> [Your instructions] Return only the number of lines in the entries below that hold the word "Surgery".

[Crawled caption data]

BEGIN

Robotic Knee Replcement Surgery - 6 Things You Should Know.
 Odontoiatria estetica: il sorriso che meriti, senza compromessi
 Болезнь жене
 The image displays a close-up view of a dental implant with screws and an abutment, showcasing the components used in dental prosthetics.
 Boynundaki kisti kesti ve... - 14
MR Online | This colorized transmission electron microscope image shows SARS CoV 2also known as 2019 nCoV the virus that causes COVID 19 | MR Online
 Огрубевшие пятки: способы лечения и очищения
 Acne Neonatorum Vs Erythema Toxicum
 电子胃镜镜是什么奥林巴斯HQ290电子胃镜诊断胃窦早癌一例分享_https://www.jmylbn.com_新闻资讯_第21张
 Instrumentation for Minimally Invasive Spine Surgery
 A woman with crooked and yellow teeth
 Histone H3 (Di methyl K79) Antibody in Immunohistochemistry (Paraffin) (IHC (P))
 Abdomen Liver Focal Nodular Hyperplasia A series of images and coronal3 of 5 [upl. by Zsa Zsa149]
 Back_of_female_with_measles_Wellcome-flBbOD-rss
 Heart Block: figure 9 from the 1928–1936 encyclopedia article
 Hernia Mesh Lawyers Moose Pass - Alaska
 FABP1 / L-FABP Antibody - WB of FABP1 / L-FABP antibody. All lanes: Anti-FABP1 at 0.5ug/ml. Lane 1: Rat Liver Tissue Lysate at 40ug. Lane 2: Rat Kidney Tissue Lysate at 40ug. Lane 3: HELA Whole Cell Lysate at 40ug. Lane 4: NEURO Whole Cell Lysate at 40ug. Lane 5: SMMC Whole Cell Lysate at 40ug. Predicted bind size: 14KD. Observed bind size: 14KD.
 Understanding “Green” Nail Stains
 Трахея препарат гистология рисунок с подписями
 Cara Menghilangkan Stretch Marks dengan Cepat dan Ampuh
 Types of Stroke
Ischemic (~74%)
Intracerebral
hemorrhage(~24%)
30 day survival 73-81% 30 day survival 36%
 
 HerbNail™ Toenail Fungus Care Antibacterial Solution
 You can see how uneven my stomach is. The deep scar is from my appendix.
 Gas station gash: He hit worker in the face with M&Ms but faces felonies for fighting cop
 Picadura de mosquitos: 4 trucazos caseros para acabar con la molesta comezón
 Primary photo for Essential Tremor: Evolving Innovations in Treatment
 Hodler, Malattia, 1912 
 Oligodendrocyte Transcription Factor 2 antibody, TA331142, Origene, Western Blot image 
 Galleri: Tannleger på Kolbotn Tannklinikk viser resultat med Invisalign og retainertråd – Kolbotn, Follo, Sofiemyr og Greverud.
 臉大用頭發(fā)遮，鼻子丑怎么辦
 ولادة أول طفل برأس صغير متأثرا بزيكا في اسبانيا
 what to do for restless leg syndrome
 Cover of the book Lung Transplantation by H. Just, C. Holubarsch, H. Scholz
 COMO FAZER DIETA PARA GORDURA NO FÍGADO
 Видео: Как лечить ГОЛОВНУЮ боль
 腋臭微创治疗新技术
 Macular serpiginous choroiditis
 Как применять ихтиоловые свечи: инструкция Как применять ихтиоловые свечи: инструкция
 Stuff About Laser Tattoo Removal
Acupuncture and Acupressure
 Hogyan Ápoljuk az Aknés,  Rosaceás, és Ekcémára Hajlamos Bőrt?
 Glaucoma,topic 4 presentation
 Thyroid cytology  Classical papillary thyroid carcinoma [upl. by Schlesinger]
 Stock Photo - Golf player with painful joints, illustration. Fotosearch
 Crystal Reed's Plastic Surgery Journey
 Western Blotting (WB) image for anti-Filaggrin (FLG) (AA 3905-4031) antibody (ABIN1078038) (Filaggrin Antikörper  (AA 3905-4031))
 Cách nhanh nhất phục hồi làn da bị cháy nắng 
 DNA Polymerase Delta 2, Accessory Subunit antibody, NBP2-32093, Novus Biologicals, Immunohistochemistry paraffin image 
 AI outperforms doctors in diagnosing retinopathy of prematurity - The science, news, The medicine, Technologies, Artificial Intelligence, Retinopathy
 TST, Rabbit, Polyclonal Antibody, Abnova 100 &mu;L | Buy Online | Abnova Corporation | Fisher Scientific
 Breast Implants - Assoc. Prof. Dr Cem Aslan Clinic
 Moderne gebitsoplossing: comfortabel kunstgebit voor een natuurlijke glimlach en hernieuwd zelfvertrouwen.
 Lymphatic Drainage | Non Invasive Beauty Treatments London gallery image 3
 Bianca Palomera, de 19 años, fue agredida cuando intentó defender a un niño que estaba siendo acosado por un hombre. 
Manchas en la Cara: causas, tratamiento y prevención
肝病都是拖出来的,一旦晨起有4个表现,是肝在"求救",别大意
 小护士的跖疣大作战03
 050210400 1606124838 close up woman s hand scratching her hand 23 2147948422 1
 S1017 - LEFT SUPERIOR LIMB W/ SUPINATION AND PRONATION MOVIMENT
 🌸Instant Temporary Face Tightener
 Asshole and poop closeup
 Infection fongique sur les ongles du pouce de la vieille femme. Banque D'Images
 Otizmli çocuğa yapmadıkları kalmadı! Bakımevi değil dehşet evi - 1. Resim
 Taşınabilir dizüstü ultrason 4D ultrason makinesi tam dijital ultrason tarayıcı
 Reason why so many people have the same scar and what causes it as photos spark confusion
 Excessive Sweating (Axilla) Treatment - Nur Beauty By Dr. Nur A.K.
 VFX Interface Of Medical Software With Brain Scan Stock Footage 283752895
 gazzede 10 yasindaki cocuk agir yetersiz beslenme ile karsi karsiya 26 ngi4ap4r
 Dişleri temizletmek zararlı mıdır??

END

> [Solution to the exercise] 3